O Paris Saint-Germain conquistou o título da Copa da Liga Francesa, mas nem o gol de Mendy nos acréscimos, nem o alívio ao menos momentâneo da situação do clube dominaram as atenções. Todas as emoções vividas nesta partida simbólica para Lens e PSG, às voltas com o fantasma do rebaixamento, condensaram-se na faixa estendida em um setor das arquibancadas do Stade de France. “Pedófilos, desempregados, consangüíneos: bem-vindo aos Ch’tis”, a frase exibida durante alguns minutos, ofendeu não só os habitantes da região norte da França (os tais Ch’tis), alvo dos insultos. Mais uma vez, a nação leva um tapa na cara diante da intolerância. Há formas para se exterminar este mal? O país até seguiu um caminho mais firme nesse intuito, mas nem isso foi capaz de coibir a ação de marginais.

Nesta temporada, a questão da xenofobia e da discriminação racial tornou-se ainda mais preocupante no futebol francês. Na Ligue 2, o Bastia foi o primeiro a sentir o peso do rigor das novas punições estabelecidas para este tipo de crime. A torcida do clube corso, conhecida por diversos exemplos negativos de perseguição até mesmo a seus próprios jogadores, ofendeu Boubacar Kébé, do Libourne/Saint-Séurin.
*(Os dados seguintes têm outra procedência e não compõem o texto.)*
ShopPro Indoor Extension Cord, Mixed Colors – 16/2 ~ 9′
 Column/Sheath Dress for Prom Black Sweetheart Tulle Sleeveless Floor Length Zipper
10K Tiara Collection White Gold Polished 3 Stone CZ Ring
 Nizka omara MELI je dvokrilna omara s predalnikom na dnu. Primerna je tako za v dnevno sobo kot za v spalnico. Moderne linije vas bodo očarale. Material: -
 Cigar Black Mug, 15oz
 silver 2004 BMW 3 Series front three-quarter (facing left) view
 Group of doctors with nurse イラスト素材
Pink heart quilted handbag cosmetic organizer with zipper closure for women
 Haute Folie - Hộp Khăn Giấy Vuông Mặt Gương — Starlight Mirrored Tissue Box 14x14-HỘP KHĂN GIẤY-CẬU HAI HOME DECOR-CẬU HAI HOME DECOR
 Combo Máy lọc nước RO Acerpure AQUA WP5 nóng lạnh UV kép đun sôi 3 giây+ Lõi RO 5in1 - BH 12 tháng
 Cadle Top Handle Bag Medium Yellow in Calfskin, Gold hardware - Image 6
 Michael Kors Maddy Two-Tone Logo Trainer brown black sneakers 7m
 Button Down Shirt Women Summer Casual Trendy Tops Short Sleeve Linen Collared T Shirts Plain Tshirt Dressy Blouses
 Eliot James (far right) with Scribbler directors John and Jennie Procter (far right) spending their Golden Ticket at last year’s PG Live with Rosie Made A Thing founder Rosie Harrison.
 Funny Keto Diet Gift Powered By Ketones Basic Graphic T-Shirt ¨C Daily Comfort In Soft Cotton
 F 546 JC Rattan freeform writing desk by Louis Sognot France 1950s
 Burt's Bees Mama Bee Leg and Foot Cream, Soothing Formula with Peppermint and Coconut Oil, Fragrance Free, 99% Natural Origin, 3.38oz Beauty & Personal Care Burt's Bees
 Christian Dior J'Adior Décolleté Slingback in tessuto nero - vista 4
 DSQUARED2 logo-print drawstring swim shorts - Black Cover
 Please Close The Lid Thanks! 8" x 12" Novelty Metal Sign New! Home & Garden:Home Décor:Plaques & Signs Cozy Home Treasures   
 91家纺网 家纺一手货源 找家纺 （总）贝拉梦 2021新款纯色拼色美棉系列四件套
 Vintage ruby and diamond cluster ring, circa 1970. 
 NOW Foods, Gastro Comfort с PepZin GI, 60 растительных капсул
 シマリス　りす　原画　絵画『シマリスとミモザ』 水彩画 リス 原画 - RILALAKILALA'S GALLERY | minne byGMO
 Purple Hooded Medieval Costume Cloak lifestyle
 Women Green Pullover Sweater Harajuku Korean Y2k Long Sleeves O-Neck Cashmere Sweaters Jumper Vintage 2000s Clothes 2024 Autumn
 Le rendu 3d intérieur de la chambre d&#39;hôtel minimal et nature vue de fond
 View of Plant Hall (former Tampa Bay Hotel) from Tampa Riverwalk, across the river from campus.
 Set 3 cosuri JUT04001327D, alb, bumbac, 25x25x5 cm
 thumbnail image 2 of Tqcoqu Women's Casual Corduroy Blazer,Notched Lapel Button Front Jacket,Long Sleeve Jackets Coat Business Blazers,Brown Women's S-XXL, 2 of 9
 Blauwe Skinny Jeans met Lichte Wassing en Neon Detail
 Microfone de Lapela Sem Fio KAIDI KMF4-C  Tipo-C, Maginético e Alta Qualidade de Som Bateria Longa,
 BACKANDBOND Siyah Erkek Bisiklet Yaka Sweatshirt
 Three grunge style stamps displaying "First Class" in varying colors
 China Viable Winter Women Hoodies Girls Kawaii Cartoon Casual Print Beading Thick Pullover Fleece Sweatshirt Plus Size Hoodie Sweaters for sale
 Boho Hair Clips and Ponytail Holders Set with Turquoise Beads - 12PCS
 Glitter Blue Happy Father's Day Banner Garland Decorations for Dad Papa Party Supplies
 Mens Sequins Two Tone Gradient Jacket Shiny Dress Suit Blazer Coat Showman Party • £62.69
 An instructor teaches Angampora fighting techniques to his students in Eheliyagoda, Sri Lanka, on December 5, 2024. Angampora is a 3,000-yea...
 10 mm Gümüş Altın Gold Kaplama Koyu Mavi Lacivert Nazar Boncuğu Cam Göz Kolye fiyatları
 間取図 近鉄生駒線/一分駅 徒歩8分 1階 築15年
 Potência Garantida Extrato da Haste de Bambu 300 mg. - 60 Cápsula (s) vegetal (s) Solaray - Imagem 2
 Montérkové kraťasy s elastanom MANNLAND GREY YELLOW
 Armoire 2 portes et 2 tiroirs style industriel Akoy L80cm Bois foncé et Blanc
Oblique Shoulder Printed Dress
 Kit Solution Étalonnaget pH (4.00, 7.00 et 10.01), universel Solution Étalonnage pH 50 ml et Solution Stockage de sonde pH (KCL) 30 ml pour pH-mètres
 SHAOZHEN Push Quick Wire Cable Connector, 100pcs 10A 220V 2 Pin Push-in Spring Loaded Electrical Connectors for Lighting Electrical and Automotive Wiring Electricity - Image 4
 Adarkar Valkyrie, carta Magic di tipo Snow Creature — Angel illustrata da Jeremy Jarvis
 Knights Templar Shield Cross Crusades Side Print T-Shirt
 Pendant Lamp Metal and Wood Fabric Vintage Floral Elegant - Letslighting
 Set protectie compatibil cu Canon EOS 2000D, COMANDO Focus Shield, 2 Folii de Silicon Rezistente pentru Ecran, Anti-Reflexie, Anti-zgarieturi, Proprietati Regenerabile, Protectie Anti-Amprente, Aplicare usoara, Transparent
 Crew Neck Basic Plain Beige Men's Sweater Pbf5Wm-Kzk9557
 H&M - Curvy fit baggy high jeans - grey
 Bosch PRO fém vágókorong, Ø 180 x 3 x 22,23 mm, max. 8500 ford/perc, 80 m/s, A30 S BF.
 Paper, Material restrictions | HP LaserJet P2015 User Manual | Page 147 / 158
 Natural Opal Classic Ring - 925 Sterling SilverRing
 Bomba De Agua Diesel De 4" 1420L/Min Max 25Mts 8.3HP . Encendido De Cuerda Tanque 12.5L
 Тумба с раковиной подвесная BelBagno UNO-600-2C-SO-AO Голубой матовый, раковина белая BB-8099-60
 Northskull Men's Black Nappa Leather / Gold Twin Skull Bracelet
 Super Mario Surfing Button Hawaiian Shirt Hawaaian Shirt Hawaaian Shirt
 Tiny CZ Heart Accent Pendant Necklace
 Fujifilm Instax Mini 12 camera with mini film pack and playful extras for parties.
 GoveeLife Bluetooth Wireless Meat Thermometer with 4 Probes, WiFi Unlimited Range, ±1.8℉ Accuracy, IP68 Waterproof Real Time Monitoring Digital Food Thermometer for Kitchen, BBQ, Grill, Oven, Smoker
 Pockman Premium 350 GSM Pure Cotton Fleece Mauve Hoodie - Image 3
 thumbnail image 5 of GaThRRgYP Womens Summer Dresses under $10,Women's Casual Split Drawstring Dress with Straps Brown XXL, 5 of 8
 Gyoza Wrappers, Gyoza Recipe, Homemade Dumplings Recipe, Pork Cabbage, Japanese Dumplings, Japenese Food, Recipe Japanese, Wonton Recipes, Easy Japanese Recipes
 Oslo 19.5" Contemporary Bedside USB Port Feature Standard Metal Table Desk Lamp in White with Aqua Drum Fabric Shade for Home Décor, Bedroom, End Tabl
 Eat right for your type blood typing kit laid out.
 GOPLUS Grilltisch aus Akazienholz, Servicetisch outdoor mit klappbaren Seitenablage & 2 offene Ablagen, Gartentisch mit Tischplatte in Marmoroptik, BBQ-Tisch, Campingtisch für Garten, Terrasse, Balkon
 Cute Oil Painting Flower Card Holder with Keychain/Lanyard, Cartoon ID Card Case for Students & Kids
Gritos de macaco, insultos e outras manifestações odiosas não passaram impunes. O time perdeu um ponto na tabela de classificação, em uma tentativa de reprimir tais acontecimentos com a dor na pele, já que o trabalho para a mudança de mentalidade levaria um tempo muito maior – obviamente, este não deve ser abandonado.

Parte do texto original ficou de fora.